· Crude oil prices hold firm, testing new highs, likely to trend higher in short-term amid signs of immediate supply tightness.
· Further rise in crude oil prices faces growing resistance in medium term in face of weaker supply-demand fundamentals.
· Diesel premium to crude oil stays lower than recent highs, still much higher than usual.
· Firmer feedstock/diesel prices support higher base oils prices.
· Rising base oils prices in recent weeks incentivized buyers to bring forward procurement plans to lock in supplies at previous prices.
· That temporary pick-up in demand likely to ease in coming weeks following completion of those procurement plans.
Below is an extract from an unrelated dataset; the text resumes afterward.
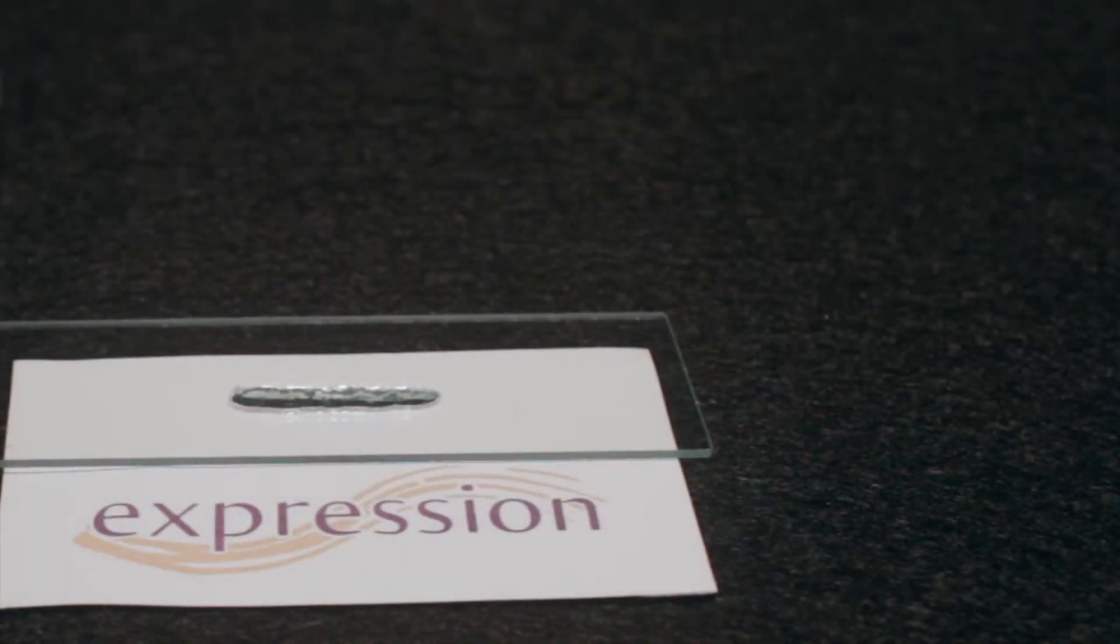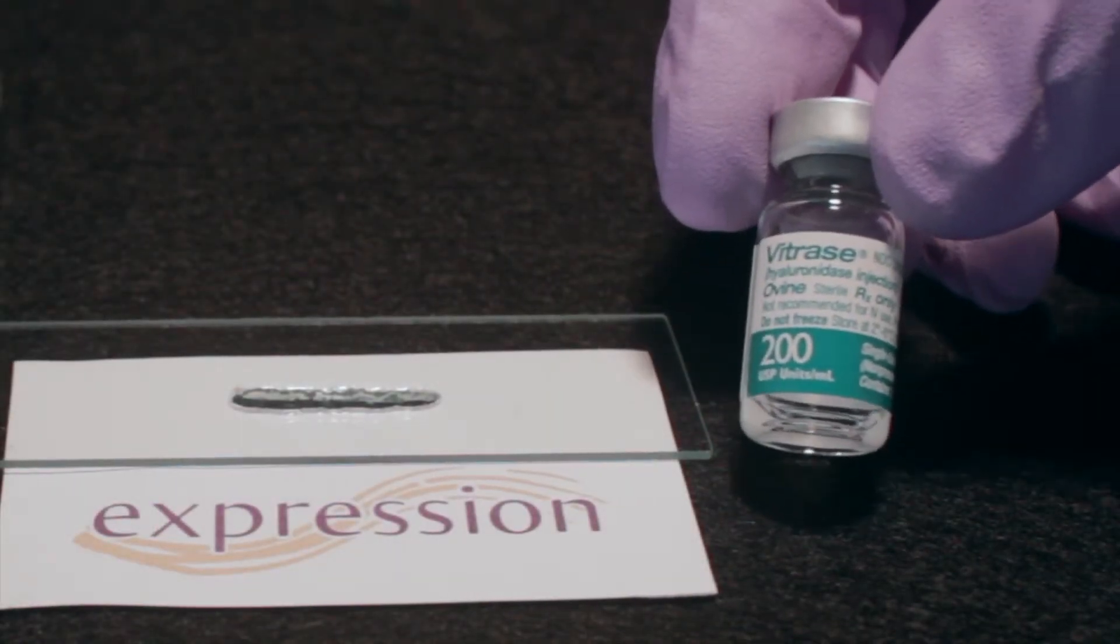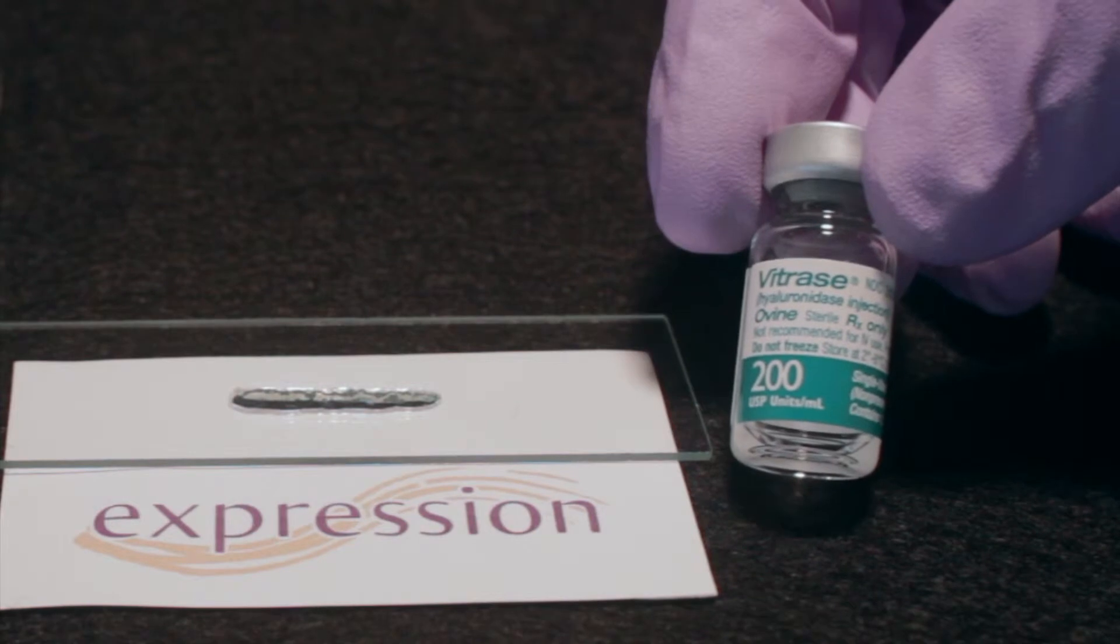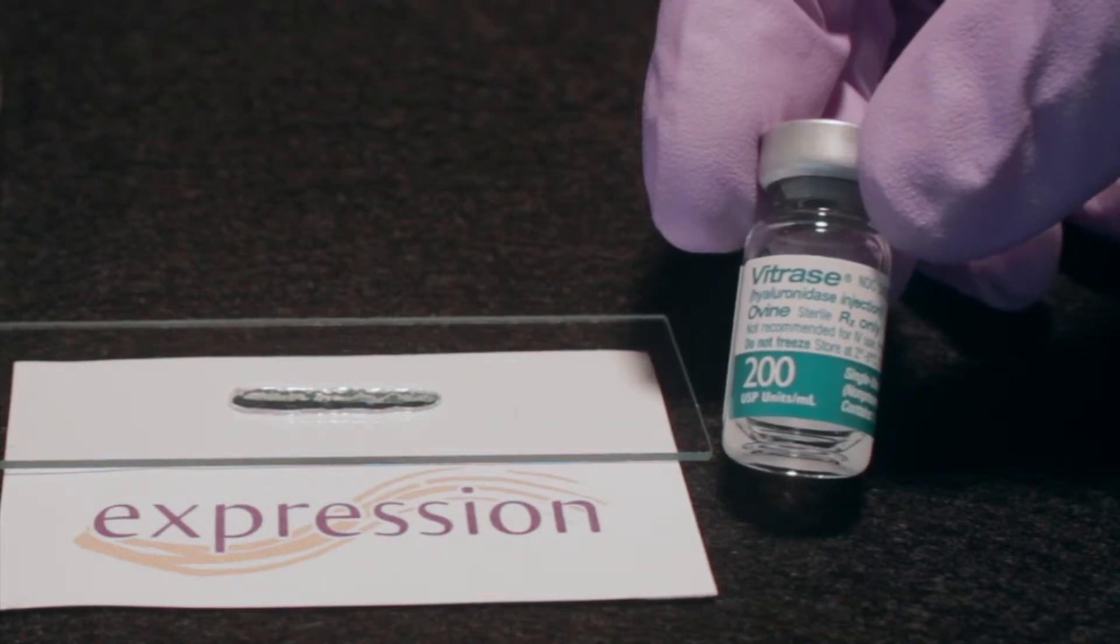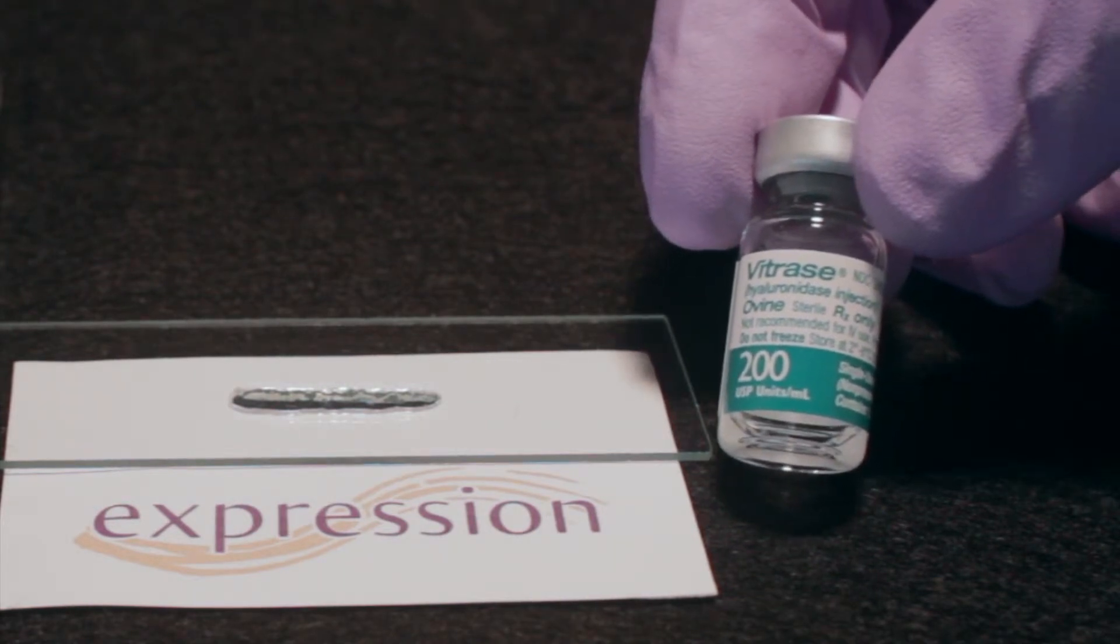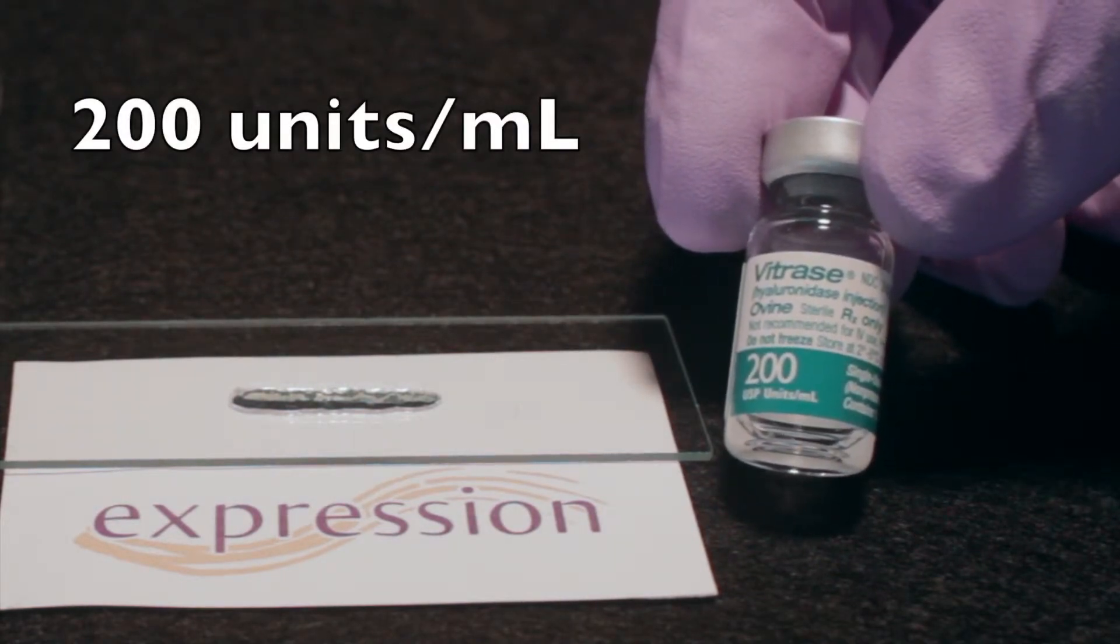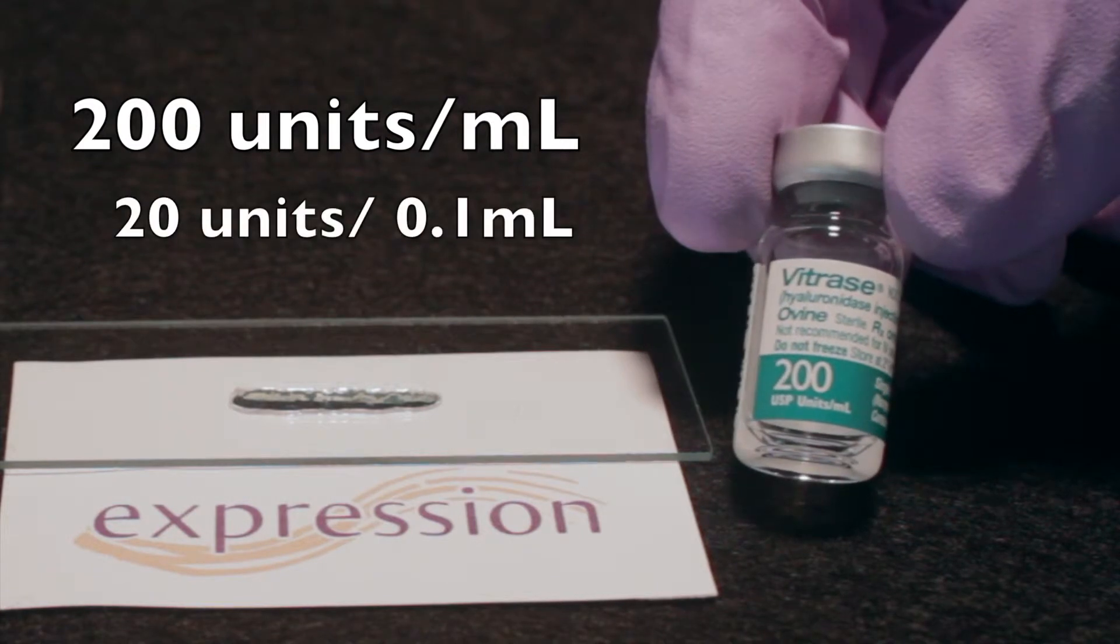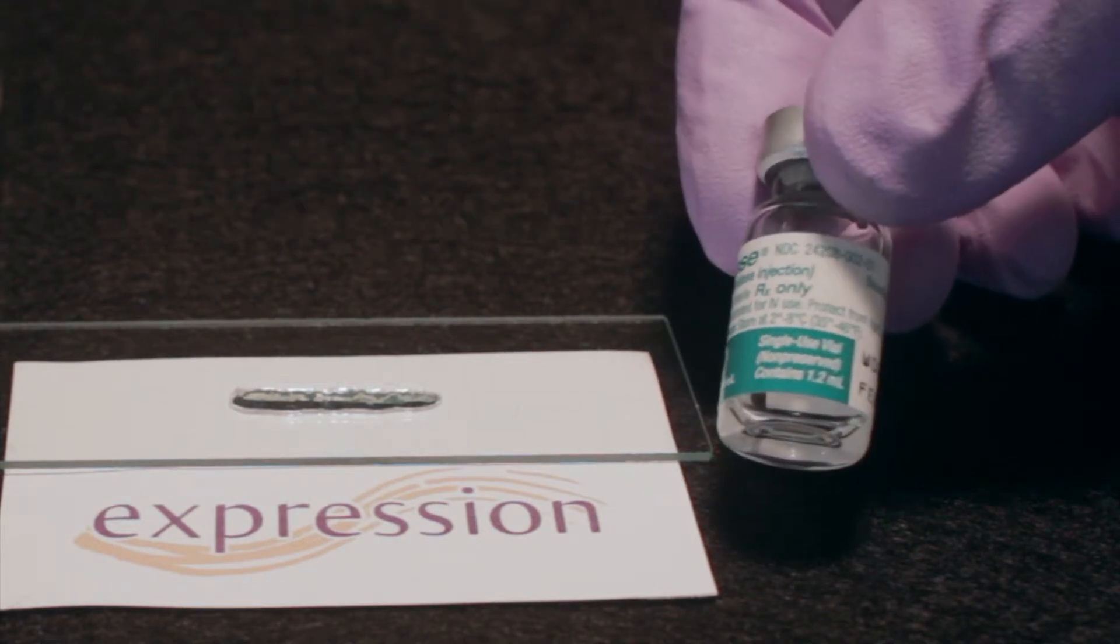Next, I will take 40 units of vitro, which we see here, a commercially prepared solution of hyaluronidase that is premixed at 200 units per ml—20 units per tenth, or 0.1 ml.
· Prospect of seasonal rise in base oils supply and slowdown in demand over coming months would put pressure on base oils prices.
· Weaker demand would give buyers leverage to hold off and assess sustainability of crude oil prices at current levels.
· Base oils supply would need to more closely align with demand to support base oils prices that outpace higher crude/diesel prices.
· Relative lack of scheduled plant maintenance work over coming months makes such moves more challenging.
· Trend raises prospect of refiners more actively adjusting output to maintain supply-demand balance, or of build-up of surplus supply as output outpaces weakening demand.
· Lighter period of maintenance work in coming months contrasts with Q2 2023.
· Slump in global base oils output in June 2023 cushions impact of weak global base oils/lube demand in Q3 2023.
· Output slumped because of widespread plant shutdowns in all the key regions.
· Expectation of rise in total lube demand in Asia, Europe and Latin America in Q4 2023 masks lower-than-expected growth in Asia and falling demand in Europe.
· Demand trends incentivize refiners to focus on Asia and Latin America markets and to trim supplies to Europe.